Researchers conducted a survey of those in charge of Spain's protected natural areas and they found over half of the respondents identified language as an obstacle to using the latest science for habitat management.
The team surveyed web platform Google Scholar — one of the largest public repositories of scientific documents — in a total of 16 languages for studies relating to bio-diversity conservation published during a single year, 2014.
"Of the over 75,000 documents, including journal articles, books and theses, some 35.6 per cent were not in English," the study found.
The study, published in the journal PLOS Biology, also revealed that only half of non-English documents had titles or abstracts in English, thus making almost 13,000 scientific documents published in 2014 unsearchable using English keywords.

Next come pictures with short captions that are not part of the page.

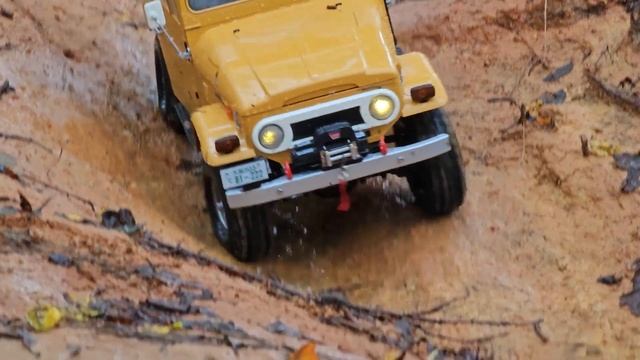 FMS Toyota Land Cruiser FJ40 after storm in the woods смотреть онлайн
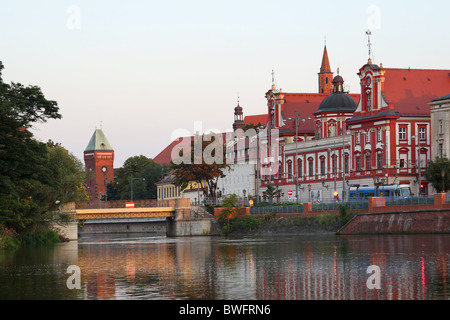 L'Ossolineum, Institut National Ossoliński, Wroclaw, la Basse Silésie, Pologne. Banque D'Images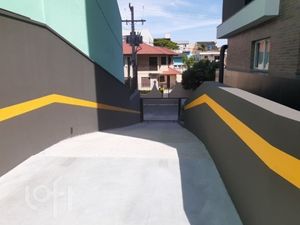 Image 34 - 925890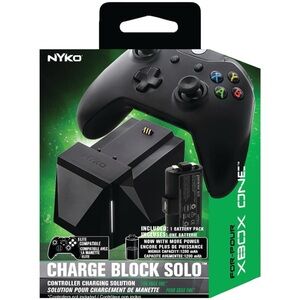 Nyko Black Charge Block Solo for Xbox One - NWT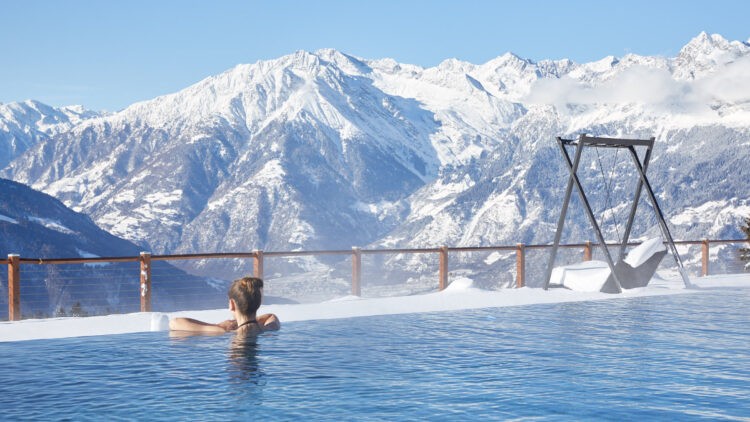 chalet_mirabell_pool_snow_mountains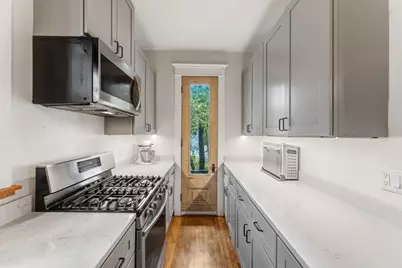 129 Arthur Avenue SE, Minneapolis, MN 55414 - Photo 9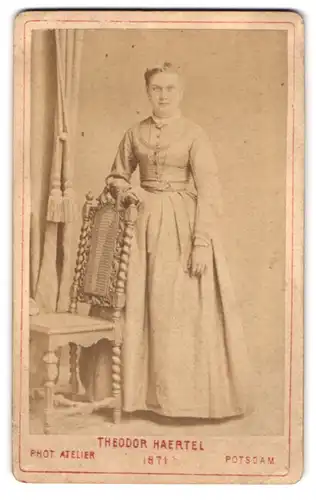 Fotografie Theodor Haertel, Potsdam, Charlottenstr. 25, Portrait junge Dame in Kleid, 1871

"This can result in sweeps of current scientific knowledge — known as 'systematic reviews' — being biased towards evidence published in English," researchers said.
"This, in turn, may lead to over-representation of results considered positive or 'statistically significant', and these are more likely to appear in English language journals deemed 'high-impact'," they further added.
Some scholars at the University of Cambridge have developed a website "conservationevidence.com", a repository for conservation science, and have also established an international panel to extract the best non-English language papers, including Portuguese, Spanish and Chinese.
The researchers called for publishing basic summaries of a scientific study's key findings in multiple languages, and suggested that universities and funding bodies encourage translations as part of their 'outreach' evaluation criteria.